- **DATASET ENTRIES**
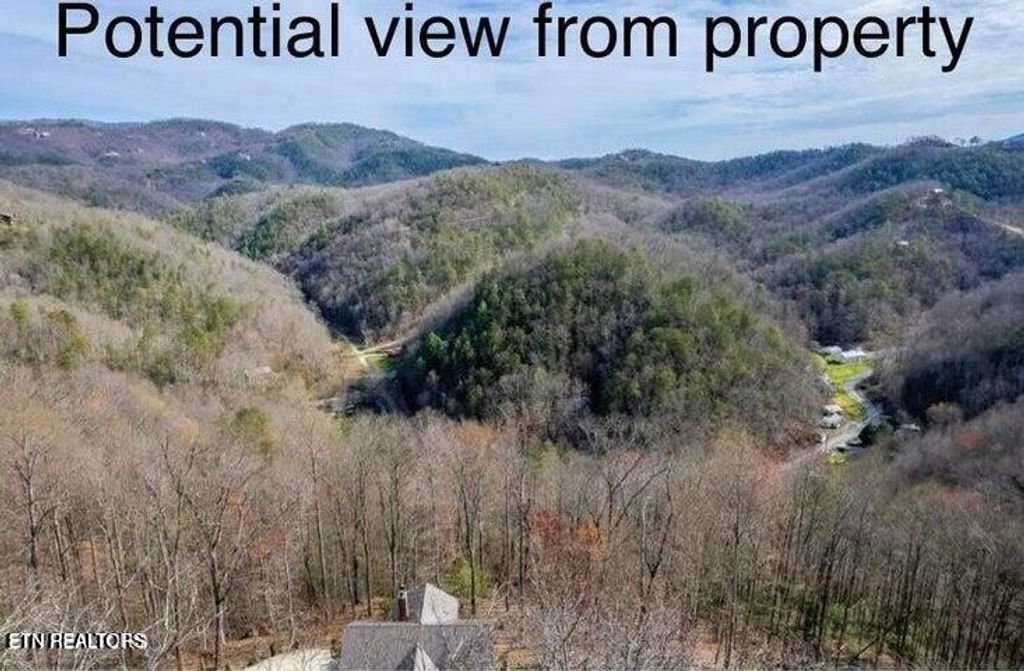 Photo of 6 Deep Spring Lane, Sevierville, TN 37862 (MLS # 1324219)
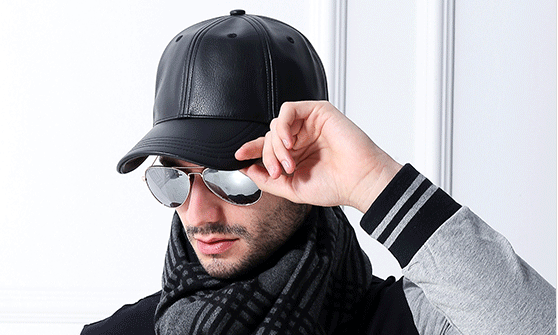 Comfortable Men's Cap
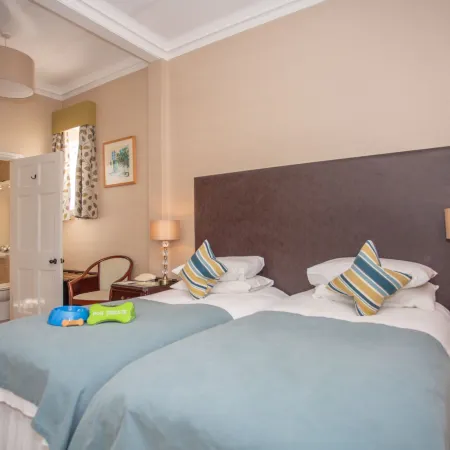 Sea Marge Hotel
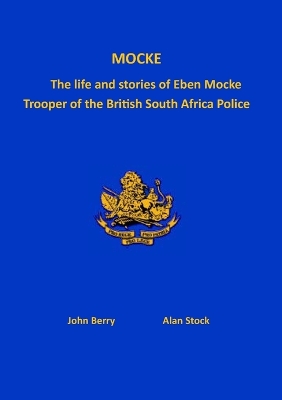 Book cover for Mocke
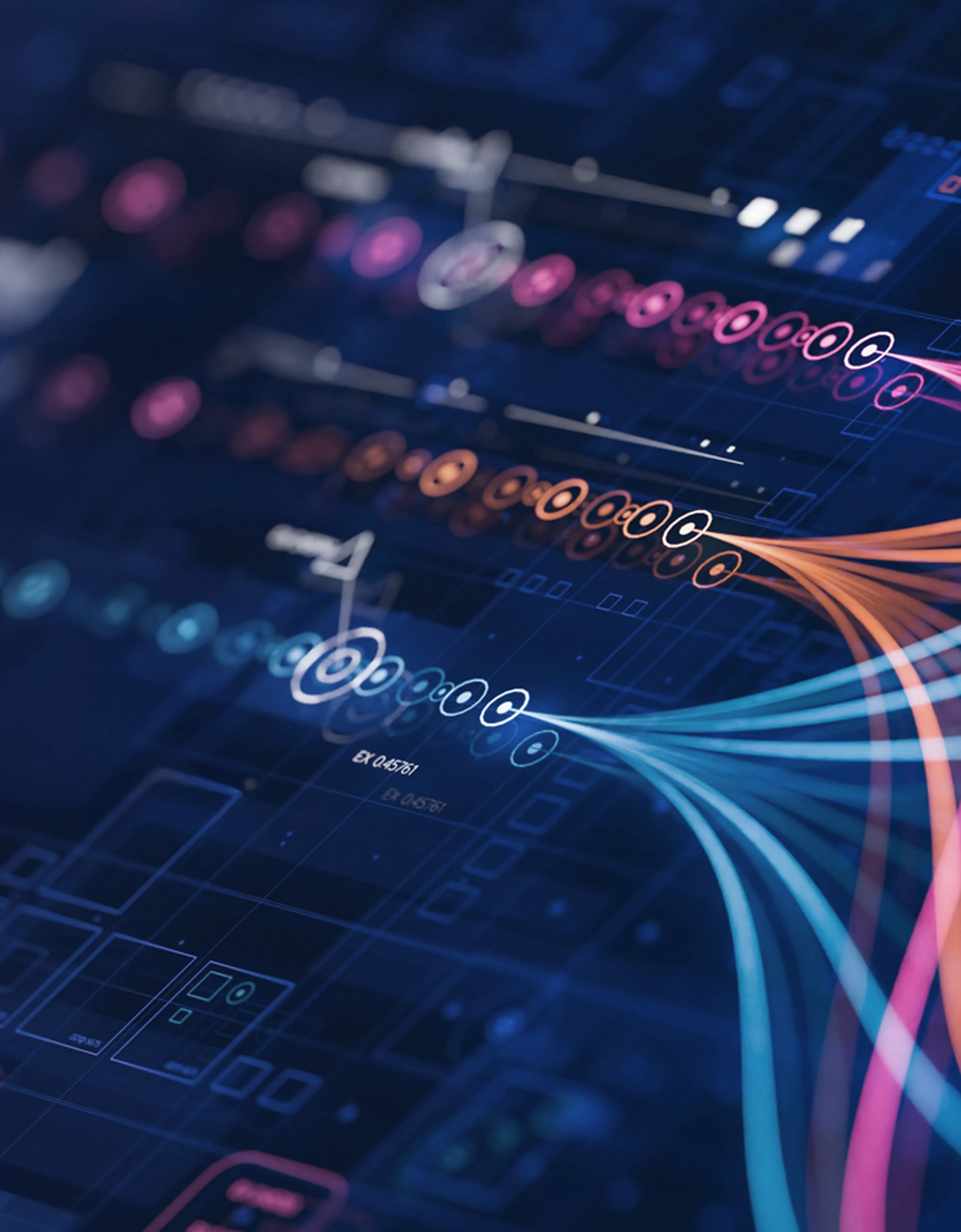 Dennemeyer API background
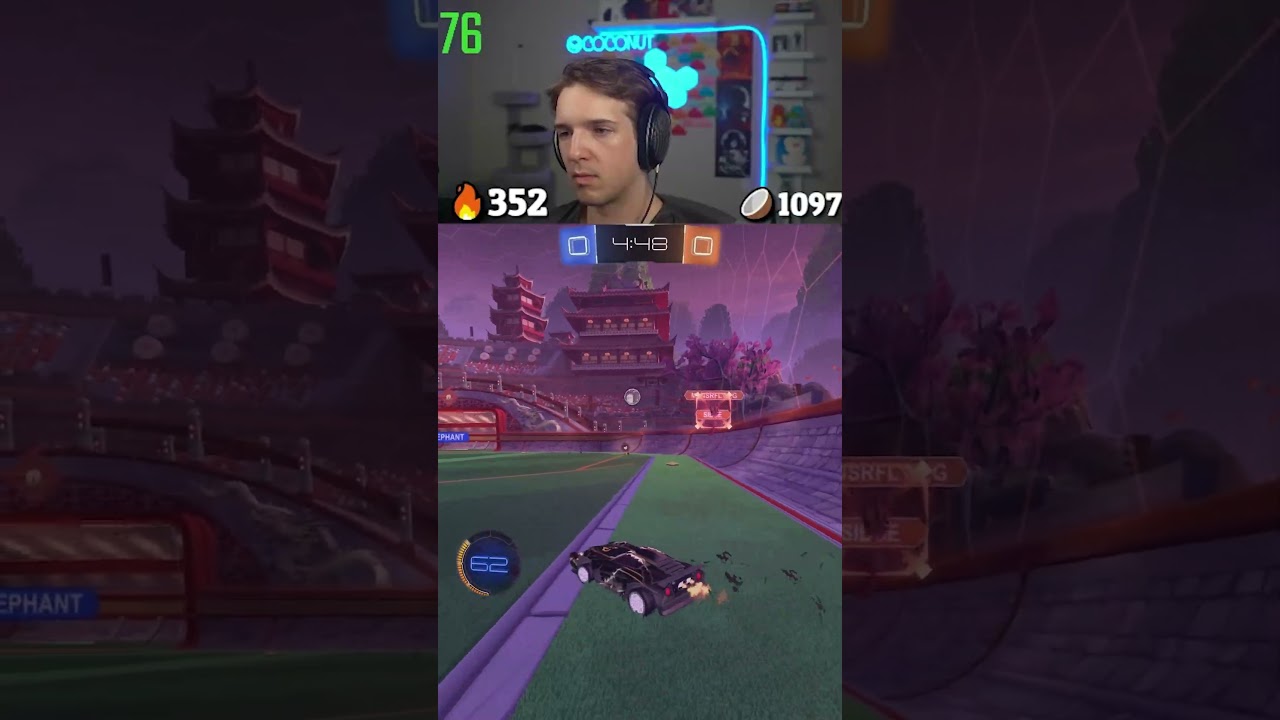 INSANE Rumble Highlights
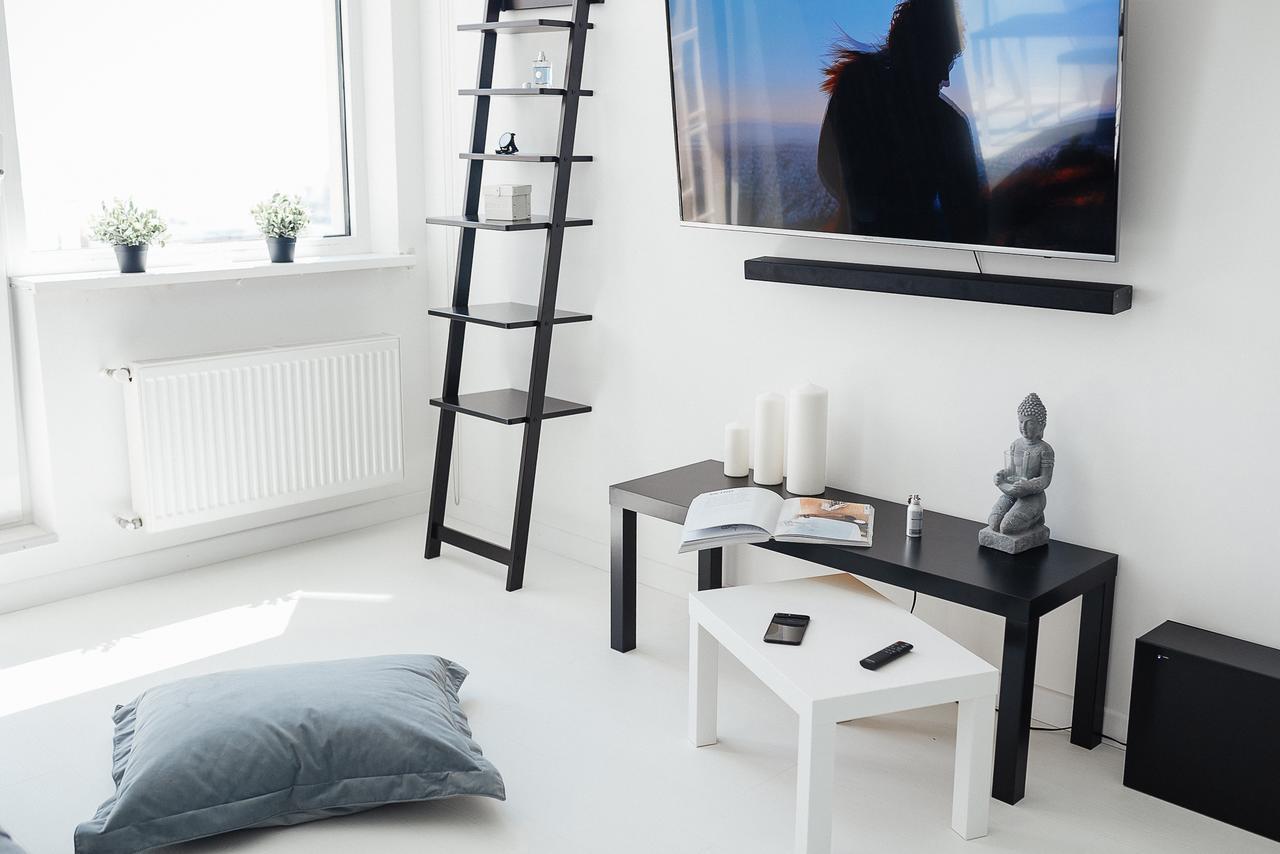 Sea&Sky Arcadia Apartment 敖德萨 外观 照片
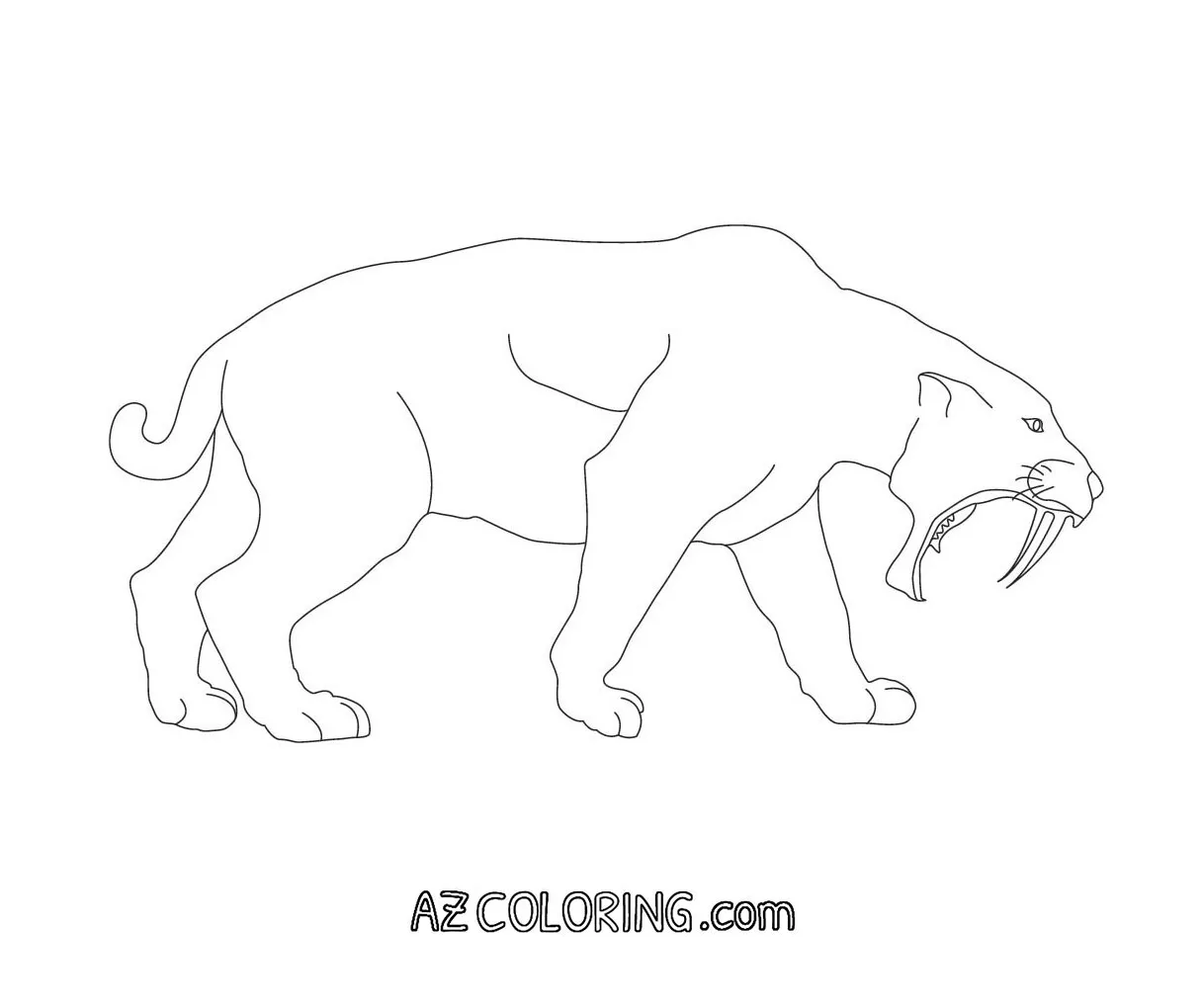 S coloring home printable coloring page
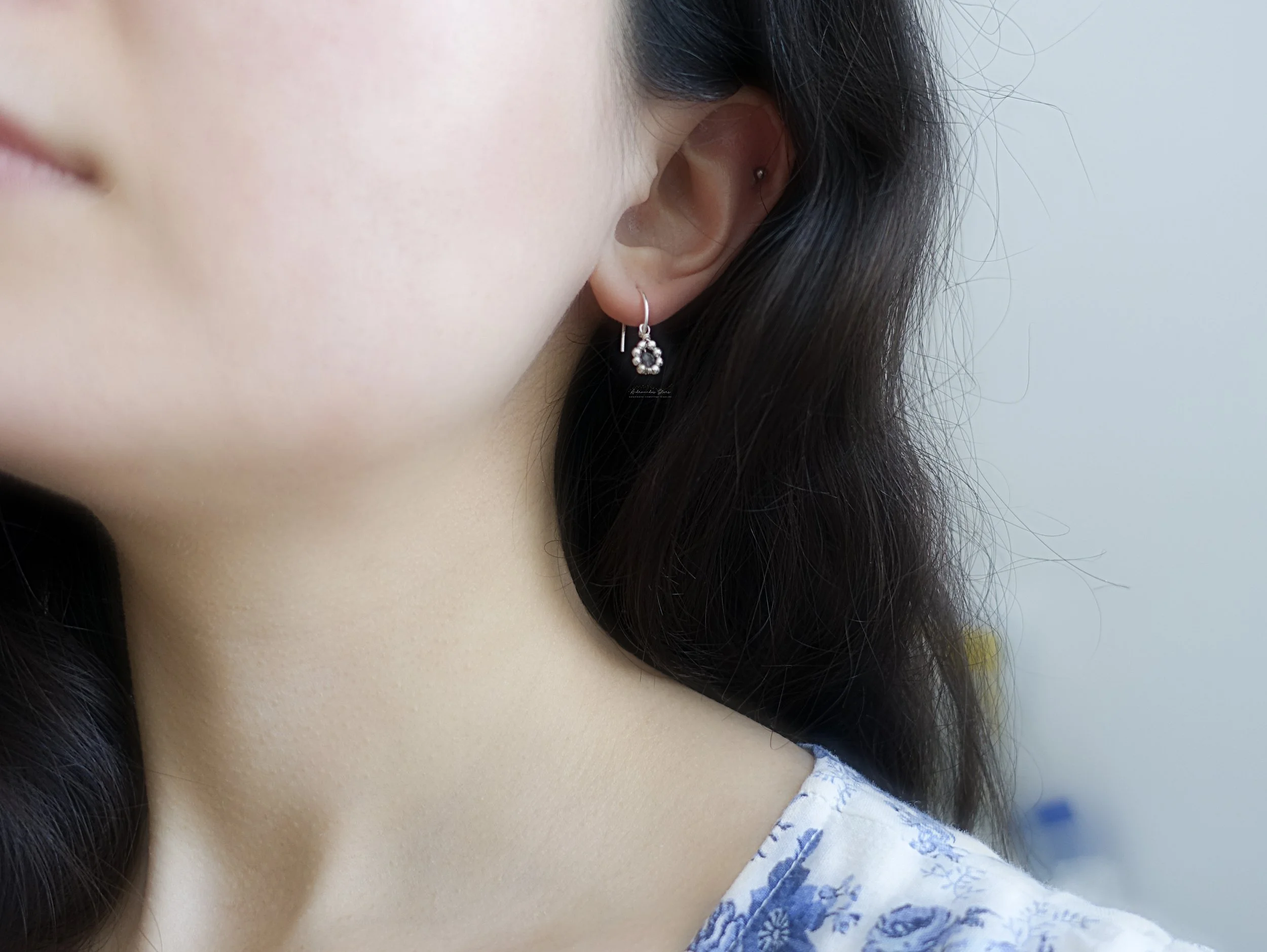 flower power earrings iolite ss.jpg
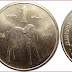 Shilin: coin of Somali Democratic Republic; 100 senti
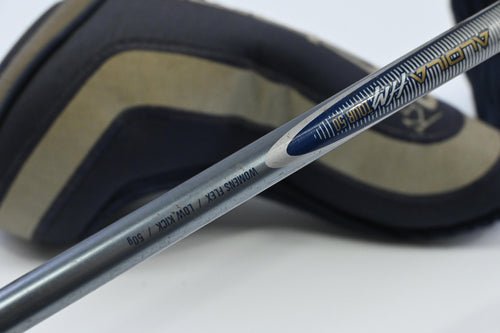 Cobra SZ Driver / 14 Degree / Ladies Flex Cobra Aldila HM 50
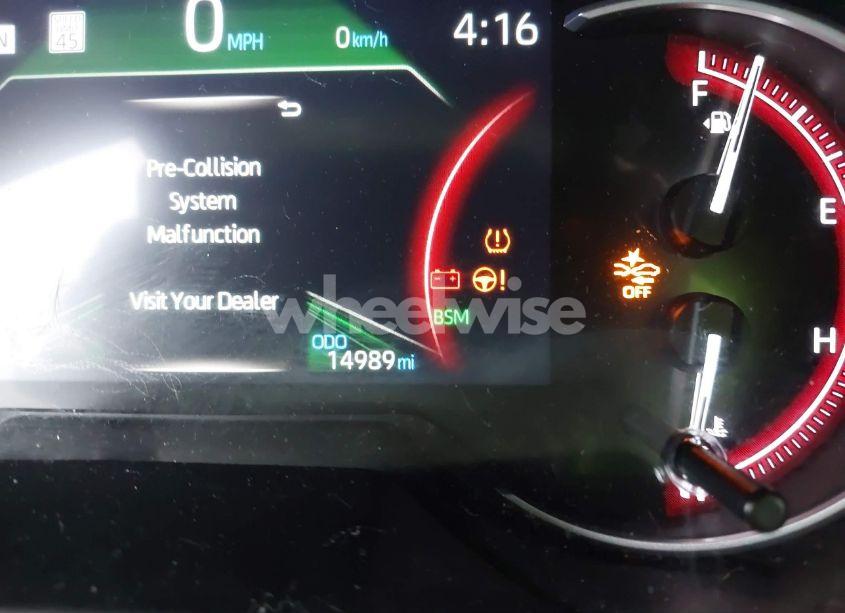 Photo 16 of 2024 Toyota Rav4 ADVENTURE (VIN 2T3J1RFV9RW422575)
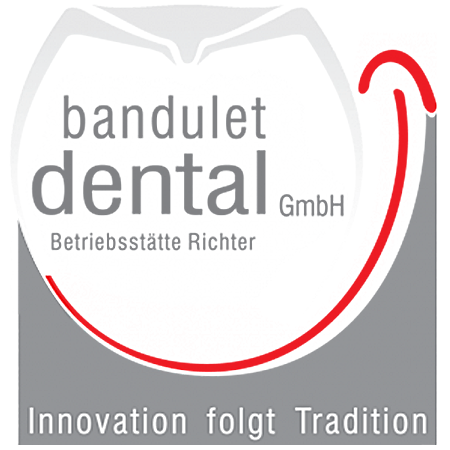 Bandulet Dental Edingen-Neckerhausen Logo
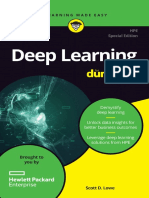 Deep Learning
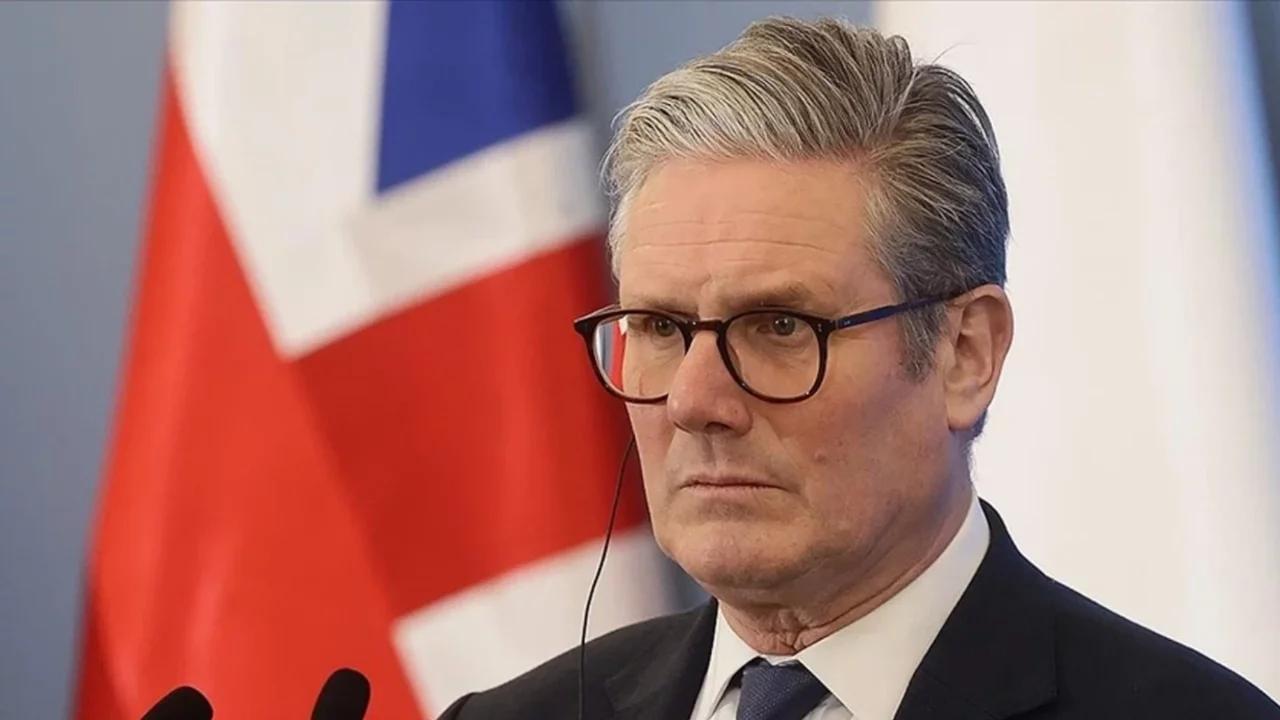 "NATO'dan çıkabilirim" diyen Trump'a İngiltere'den yanıt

- **GOAL OF THE EXERCISE**
Your answer must be an exact copy of the records above, with no pictures included.

- **RESPONSE BOX**
 Photo of 6 Deep Spring Lane, Sevierville, TN 37862 (MLS # 1324219)
 Comfortable Men's Cap
 Sea Marge Hotel
 Book cover for Mocke
 Dennemeyer API background
 INSANE Rumble Highlights
 Sea&Sky Arcadia Apartment 敖德萨 外观 照片
 S coloring home printable coloring page
 flower power earrings iolite ss.jpg
 Shilin: coin of Somali Democratic Republic; 100 senti
 Cobra SZ Driver / 14 Degree / Ladies Flex Cobra Aldila HM 50
 Photo 16 of 2024 Toyota Rav4 ADVENTURE (VIN 2T3J1RFV9RW422575)
 Bandulet Dental Edingen-Neckerhausen Logo
 Deep Learning
 "NATO'dan çıkabilirim" diyen Trump'a İngiltere'den yanıt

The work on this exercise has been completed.